◆ Try it ◆
Write down exactly what lies from the line containing "VOLKSWAGEN Voyage 1.0 4P FLEX, Foto 15" to the end of the records, inclusive, and omit the pictures.

◆ Exercise data ◆

◇ ◇ ◇ ◇

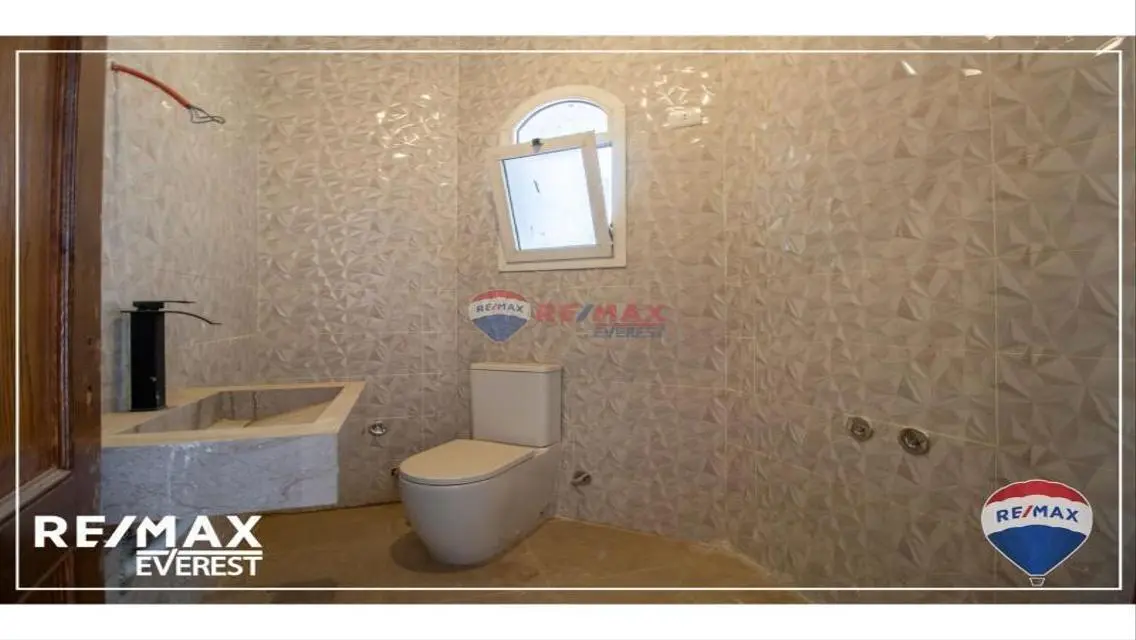 Luxury Villa with 3 Bedrooms, Private Pool & Garden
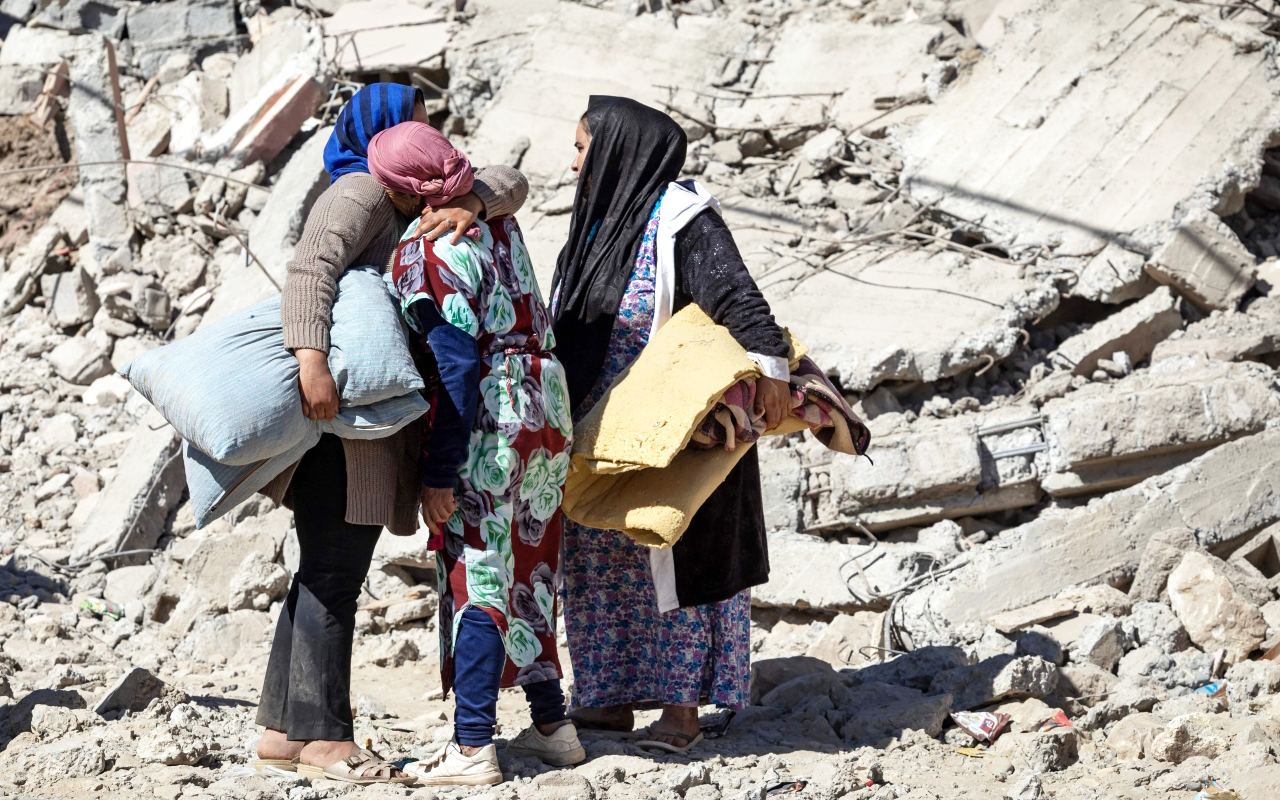 "قرويون يبكون بجوار منازلهم المنهارة في تفغاغت جنوب غرب مراكش | ا ف ب"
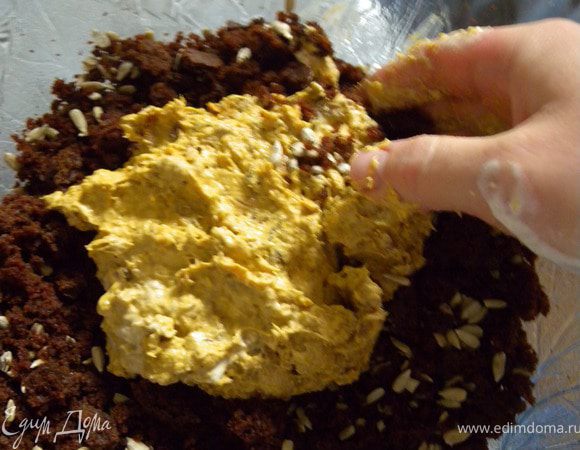 Перемешать с бисквитом, но тоже очень легко. "тесто" должно остаться воздушным. Перемешиваю руками. 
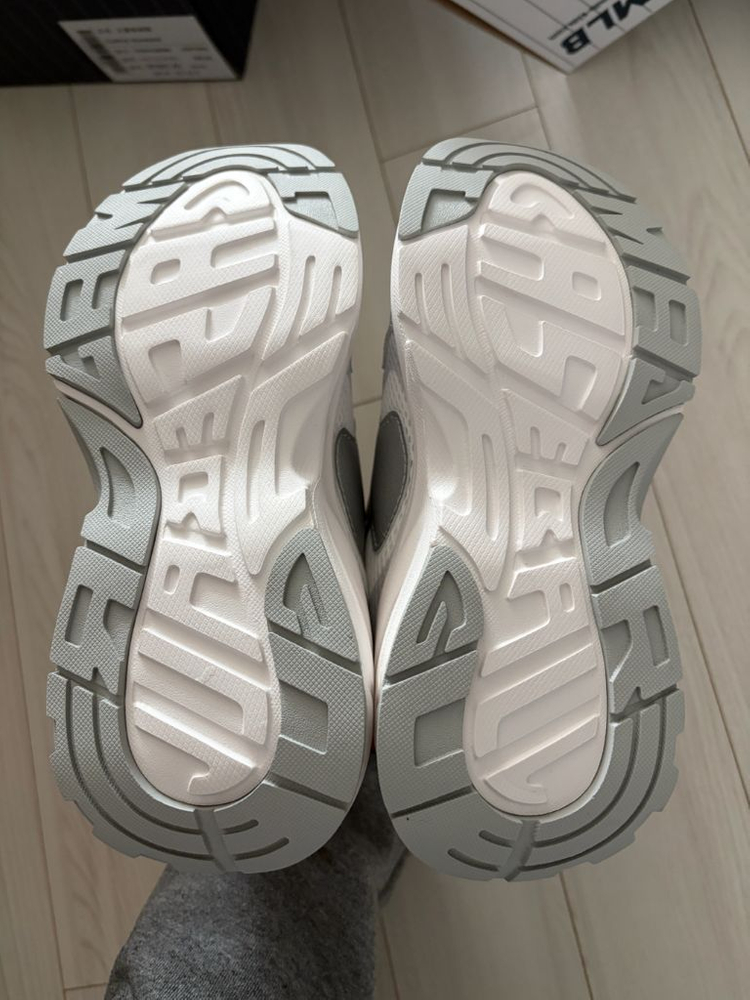 (새상품 )MLB 키즈 커브 러너 운동화 200사이즈--2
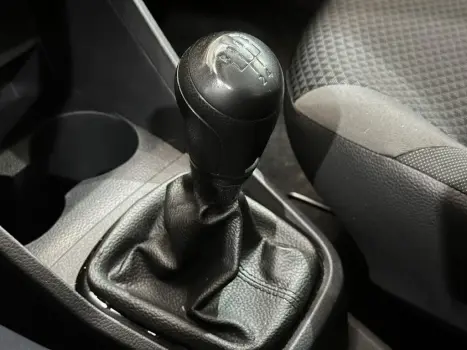 VOLKSWAGEN Voyage 1.0 4P FLEX, Foto 15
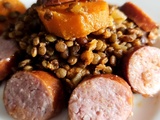 Lentilles vertes aux carottes et saucisses fumées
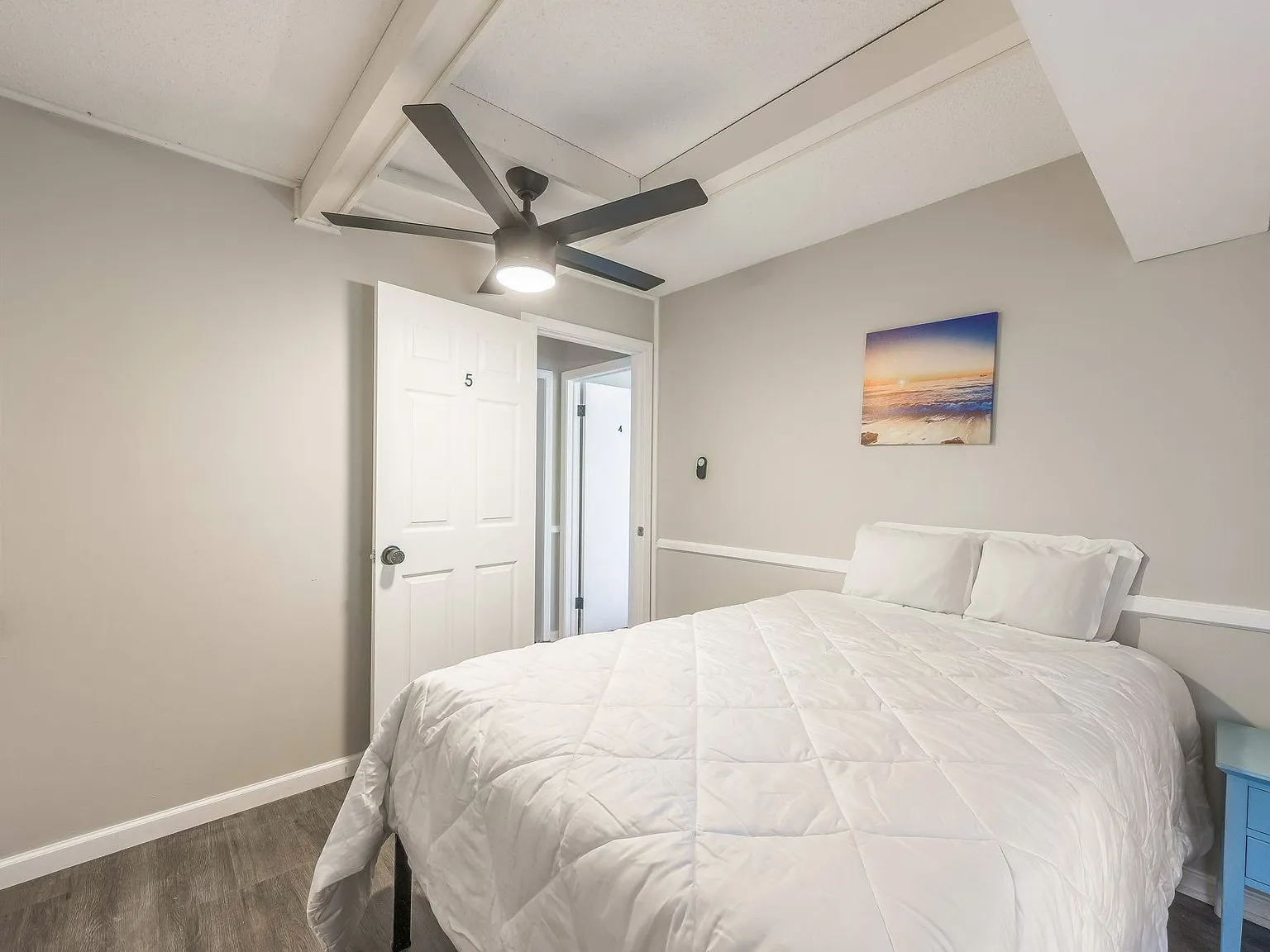 4 bed, 3.0 bath, 1700 sqft, $685 — Photo 2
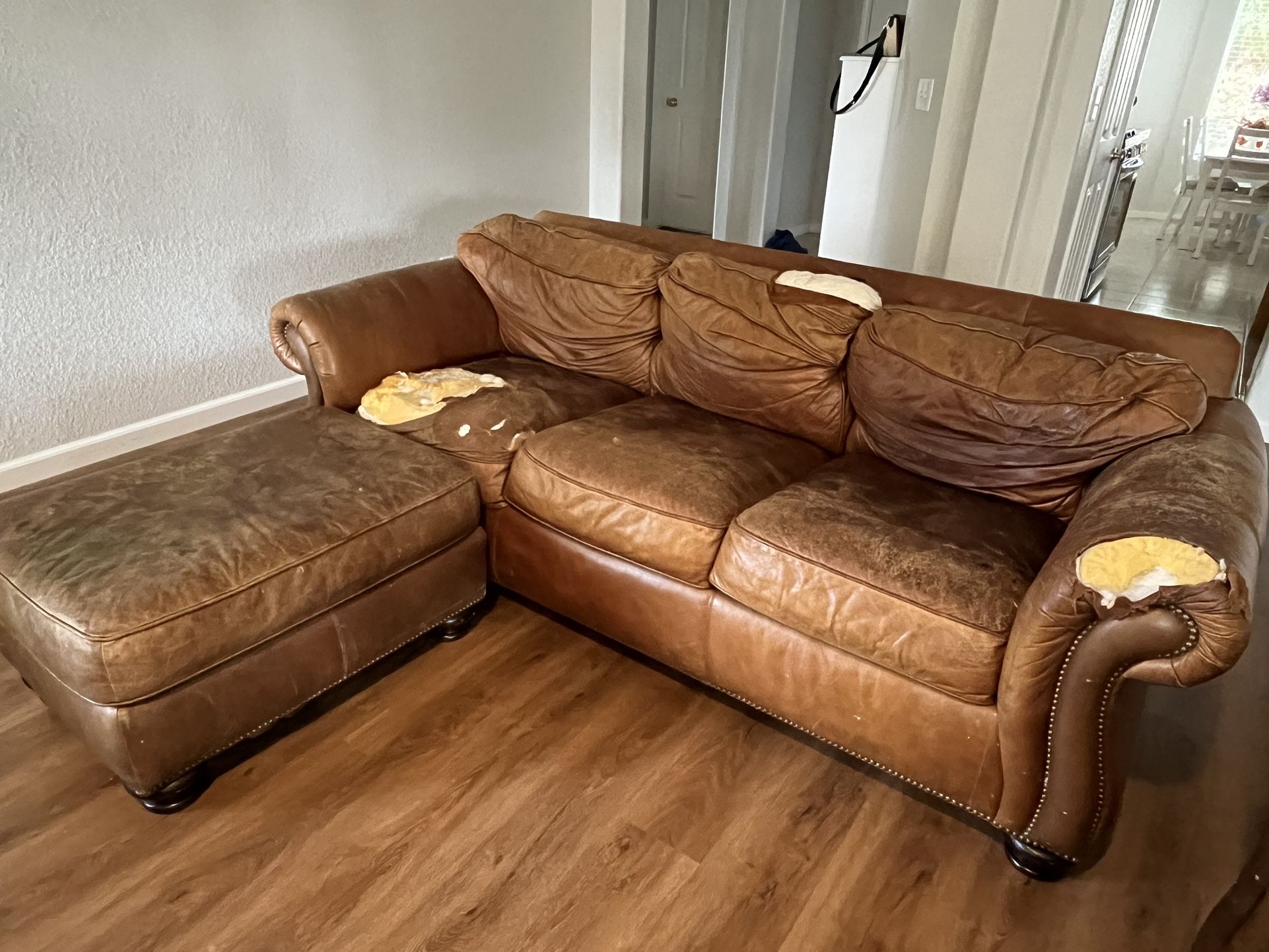 Sofa set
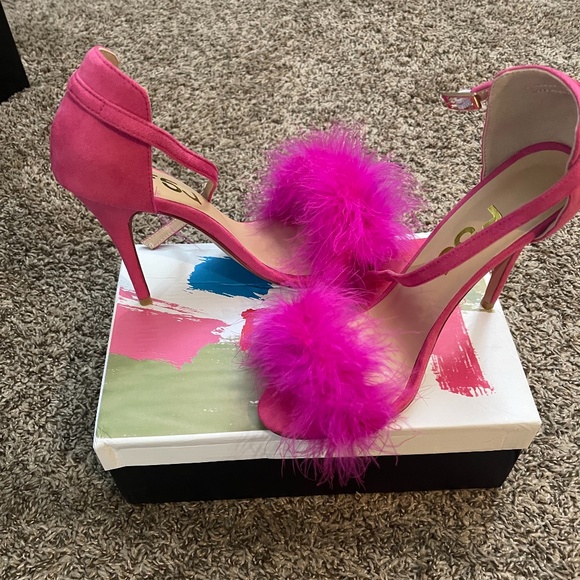 COPY - Brand new FSJ  Fluffy Sandals sz 8 1/2 - Picture 1 of 4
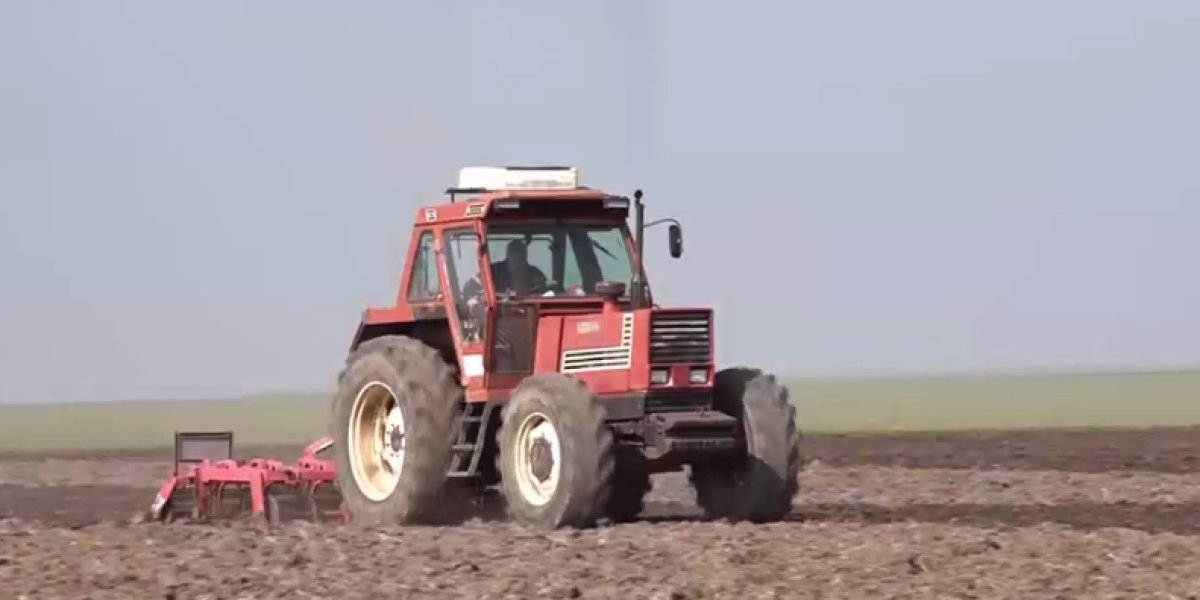 Fermierii din România se confruntă cu o problemă acută cauzată de scumpirile vertiginoase ale carburanților, o situație amplificată de tensiunile internaționale din Orientul Mijlociu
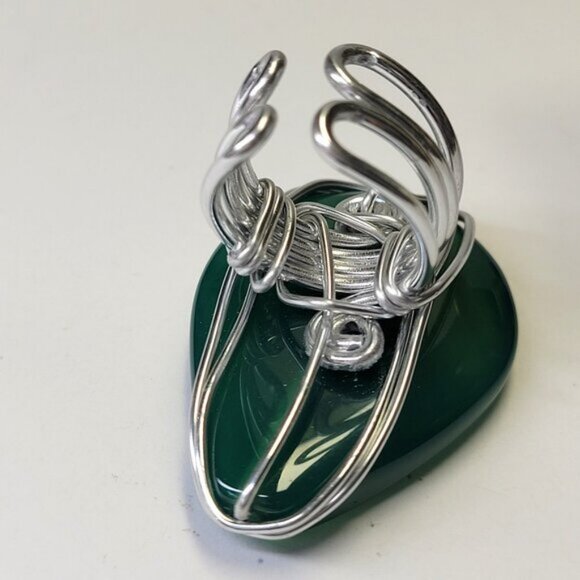 Green Onyx Pear Shape ring Gemstone Adjustable Band Handmade Semi Precious Ring - Picture 8 of 9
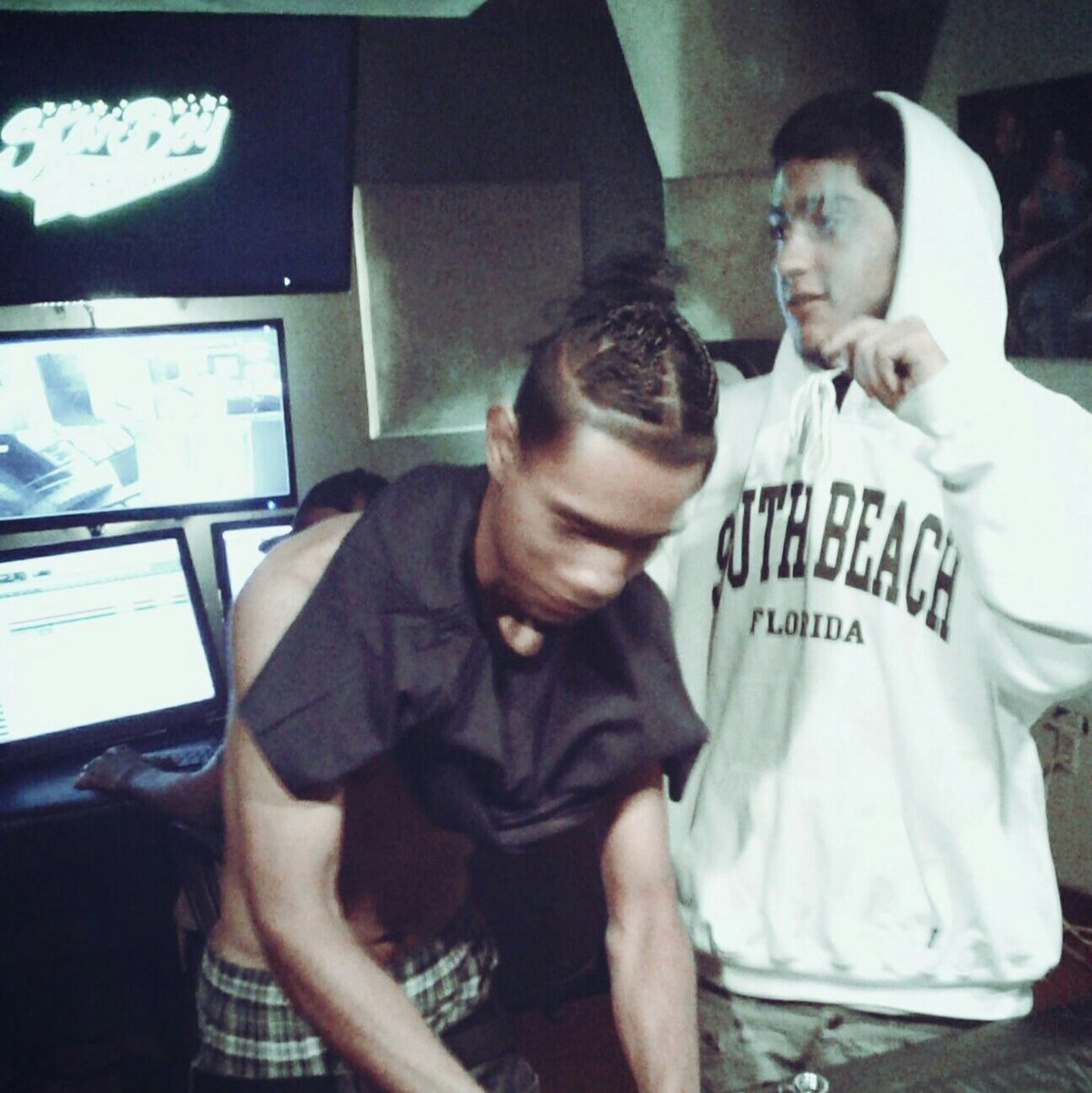 jaay1_'s tweet photo. Cnote x Jaay1Hunnit https://t.co/wWmGYY66QN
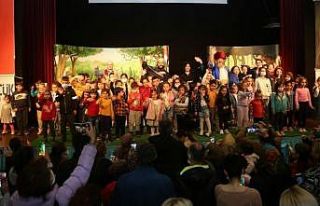 Çocuklar "Keloğlan İş Başında" oyunuyla...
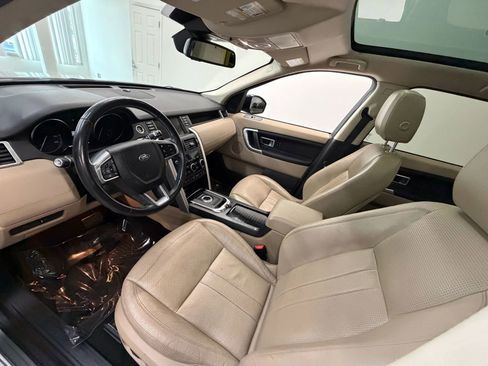 Used 2018 Land Rover Discovery Sport HSE AWD/4WD image 14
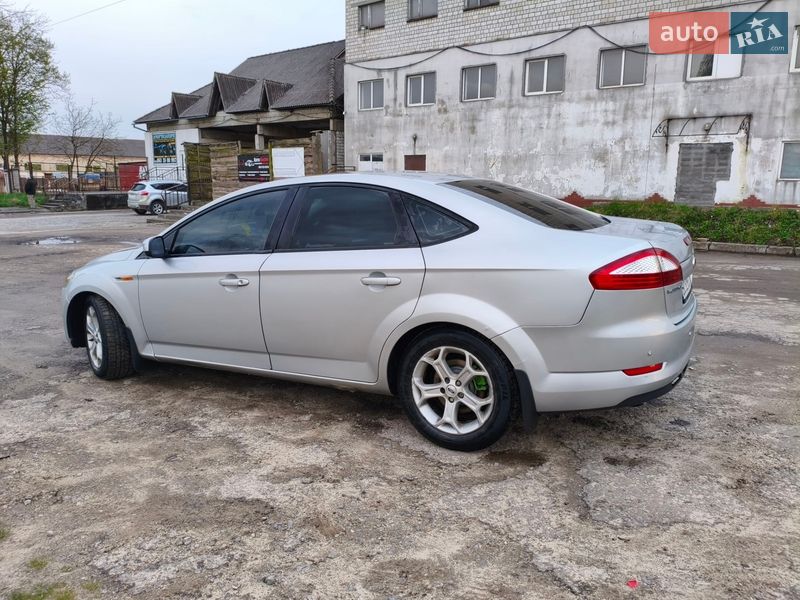 Седан Ford Mondeo 2007 в Новом Роздоле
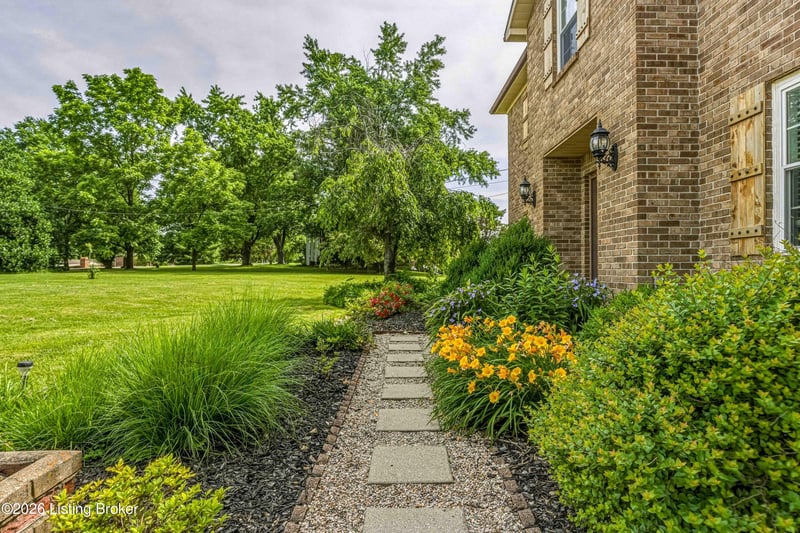 220 Hialeah Dr, Coxs Creek, KY 40013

◇ ◇ ◇ ◇

◆ Task answer ◆
 VOLKSWAGEN Voyage 1.0 4P FLEX, Foto 15
 Lentilles vertes aux carottes et saucisses fumées
 4 bed, 3.0 bath, 1700 sqft, $685 — Photo 2
 Sofa set
 COPY - Brand new FSJ  Fluffy Sandals sz 8 1/2 - Picture 1 of 4
 Fermierii din România se confruntă cu o problemă acută cauzată de scumpirile vertiginoase ale carburanților, o situație amplificată de tensiunile internaționale din Orientul Mijlociu
 Green Onyx Pear Shape ring Gemstone Adjustable Band Handmade Semi Precious Ring - Picture 8 of 9
 jaay1_'s tweet photo. Cnote x Jaay1Hunnit https://t.co/wWmGYY66QN
 Çocuklar "Keloğlan İş Başında" oyunuyla...
 Used 2018 Land Rover Discovery Sport HSE AWD/4WD image 14
 Седан Ford Mondeo 2007 в Новом Роздоле
 220 Hialeah Dr, Coxs Creek, KY 40013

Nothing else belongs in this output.